Enquanto aguardava atendimento, havia ao meu lado uma senhora internada, esperando a realização de alguns exames. Em determinado momento, entrou um médico, já com seus cabelos brancos, aparentando cerca de 60 anos. Muito educado, cumprimentou todas as pessoas presentes antes de se aproximar dela. Ao seu lado estava um jovem profissional, provavelmente acompanhando sua rotina para aprender na prática.
Pelo diálogo, percebi que aquele médico já havia atendido a paciente no dia anterior, em um momento delicado de sua internação. Mas o que aconteceu em seguida emocionou quem estava ali.
Assim que o viu, a senhora sorriu e disse que jamais poderia esquecê-lo.
Ela contou que, muitos anos atrás, em 1991, quando ele iniciava sua trajetória naquele hospital, foi quem realizou uma cirurgia em seu pé para retirar um nódulo. A cirurgia foi um sucesso, ela ficou curada e nunca mais esqueceu daquele profissional.
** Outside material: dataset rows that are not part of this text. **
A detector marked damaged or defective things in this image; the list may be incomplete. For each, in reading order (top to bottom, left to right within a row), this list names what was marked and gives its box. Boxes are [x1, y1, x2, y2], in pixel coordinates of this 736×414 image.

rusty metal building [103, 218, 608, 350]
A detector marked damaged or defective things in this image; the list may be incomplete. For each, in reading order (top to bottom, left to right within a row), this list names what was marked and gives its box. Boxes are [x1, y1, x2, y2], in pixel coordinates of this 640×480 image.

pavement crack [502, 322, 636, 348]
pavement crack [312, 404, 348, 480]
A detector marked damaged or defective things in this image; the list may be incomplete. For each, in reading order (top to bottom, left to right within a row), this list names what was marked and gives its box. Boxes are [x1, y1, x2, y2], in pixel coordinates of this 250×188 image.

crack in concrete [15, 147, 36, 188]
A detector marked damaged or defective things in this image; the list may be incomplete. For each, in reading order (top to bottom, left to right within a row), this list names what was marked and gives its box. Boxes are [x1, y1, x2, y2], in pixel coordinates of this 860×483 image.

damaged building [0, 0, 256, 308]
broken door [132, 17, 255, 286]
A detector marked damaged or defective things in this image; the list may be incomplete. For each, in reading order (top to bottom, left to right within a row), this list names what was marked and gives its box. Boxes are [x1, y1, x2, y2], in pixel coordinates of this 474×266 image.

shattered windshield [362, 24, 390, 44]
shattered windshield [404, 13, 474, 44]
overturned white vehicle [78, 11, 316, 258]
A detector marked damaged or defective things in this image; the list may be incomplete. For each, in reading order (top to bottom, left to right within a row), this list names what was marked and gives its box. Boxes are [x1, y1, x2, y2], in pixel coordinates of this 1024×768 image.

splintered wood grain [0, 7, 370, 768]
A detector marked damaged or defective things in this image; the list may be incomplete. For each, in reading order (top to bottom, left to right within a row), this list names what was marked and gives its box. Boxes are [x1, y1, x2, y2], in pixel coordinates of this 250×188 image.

O médico, humildemente, nem se lembrava do caso. Afinal, foram milhares de pacientes ao longo de décadas. Mas ela lembrava. E lembrava não apenas da cirurgia… lembrava da forma como foi tratada.
Naquele instante, percebi que existem marcas que o tempo não apaga. O cuidado, o respeito, a atenção e o carinho com que tratamos as pessoas permanecem vivos na memória de quem mais precisou de ajuda.
Enquanto aquele médico compartilhava seus conhecimentos com o jovem que o acompanhava, imaginei que a maior lição daquele dia nem estava nas palavras. Estava na cena que todos presenciavam.
Que essa história sirva de inspiração para todos os profissionais da saúde. A técnica salva vidas, mas a humanização toca a alma. E, muitas vezes, décadas depois, é justamente isso que permanece na lembrança de um paciente.
Existem reconhecimentos que nenhum prêmio consegue superar: ser lembrado, com gratidão, mais de 30 anos depois.